──────── Provided data ────────

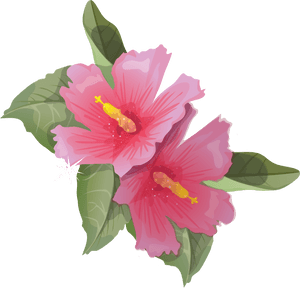 Vibrant Hibiscus Flowers Illustration PNG image with transparent background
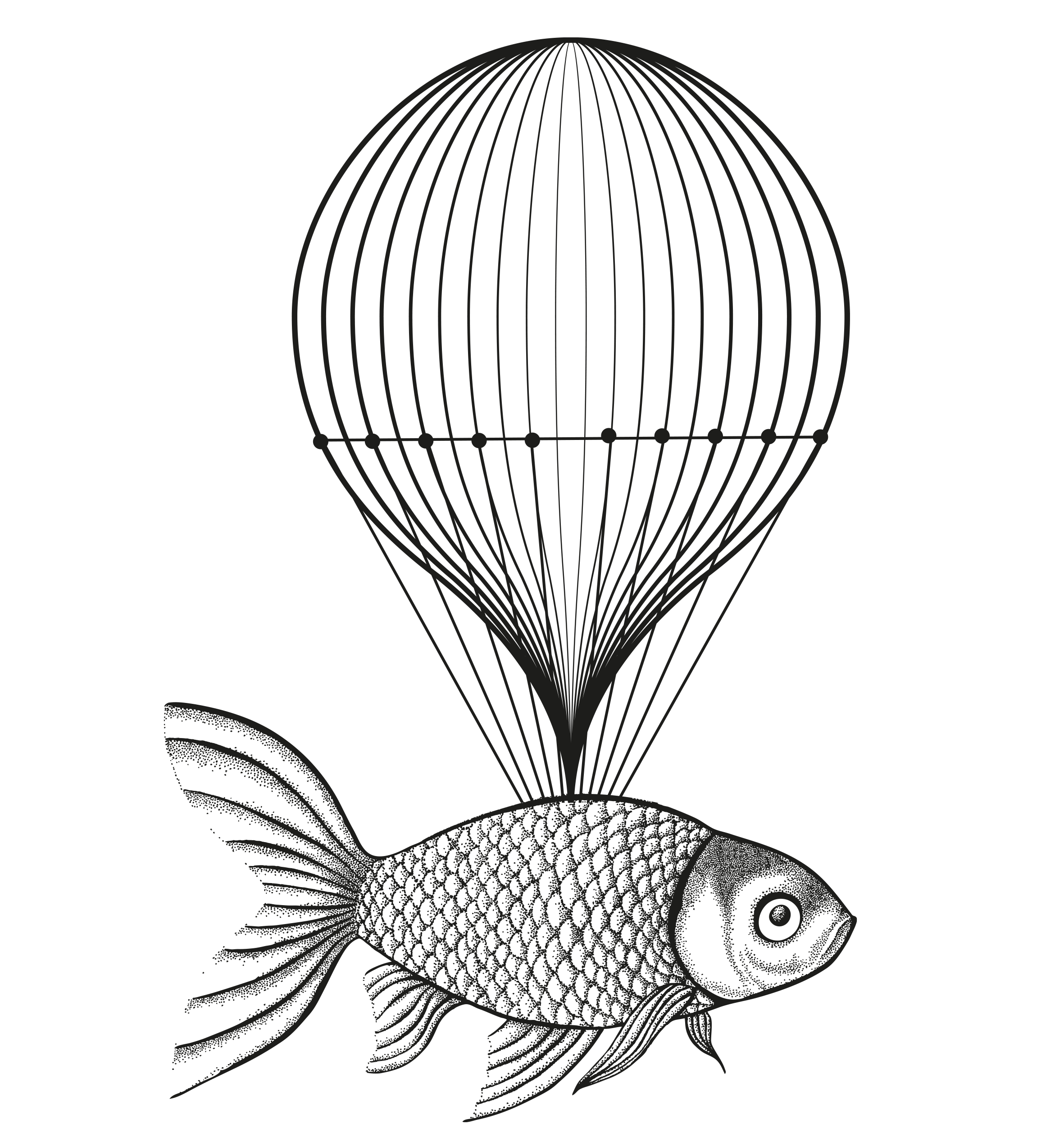 flying_fish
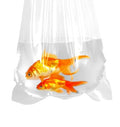 Fishery Bags 7 Inches Leak Proof Rounded Bottom Corners Clear Plastic Fish Bags for Marine and Tropical Fish Transport. (7" x 16" / 1000 Pack / 2 Mil) - size: 7" x 16" / 1000 Pack / 2 Mil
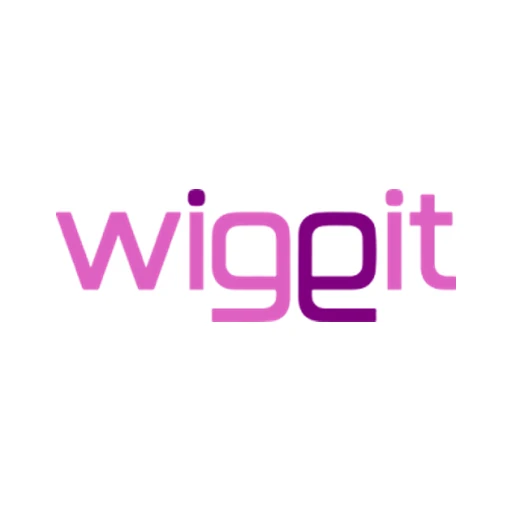 WIGgIT logo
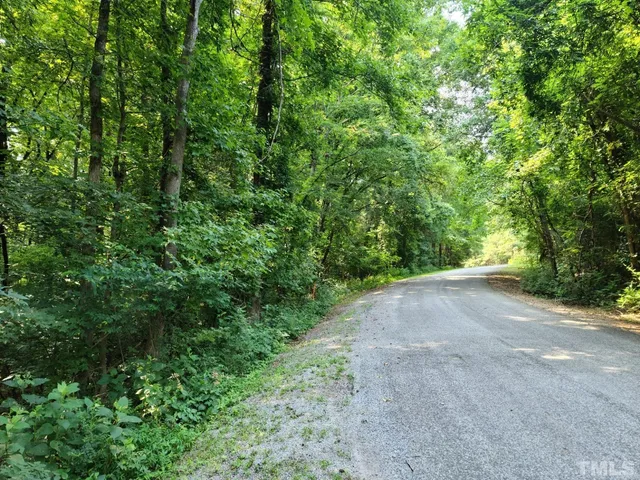 a view of a big yard with plants and large trees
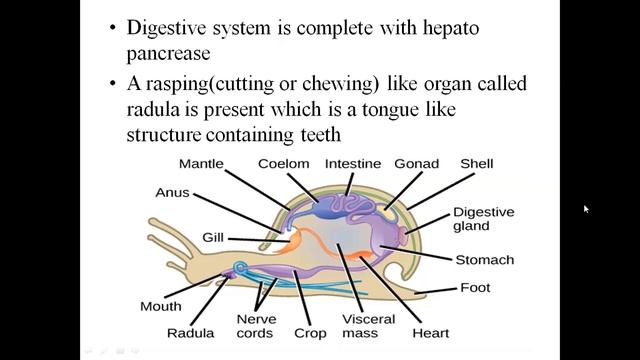 phylum mollusca class 11 смотреть онлайн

────────

● **Work required**: Give back the entries above exactly as they stand. Leave the images out.

● **Result for this exercise**:
 Vibrant Hibiscus Flowers Illustration PNG image with transparent background
 flying_fish
 Fishery Bags 7 Inches Leak Proof Rounded Bottom Corners Clear Plastic Fish Bags for Marine and Tropical Fish Transport. (7" x 16" / 1000 Pack / 2 Mil) - size: 7" x 16" / 1000 Pack / 2 Mil
 WIGgIT logo
 a view of a big yard with plants and large trees
 phylum mollusca class 11 смотреть онлайн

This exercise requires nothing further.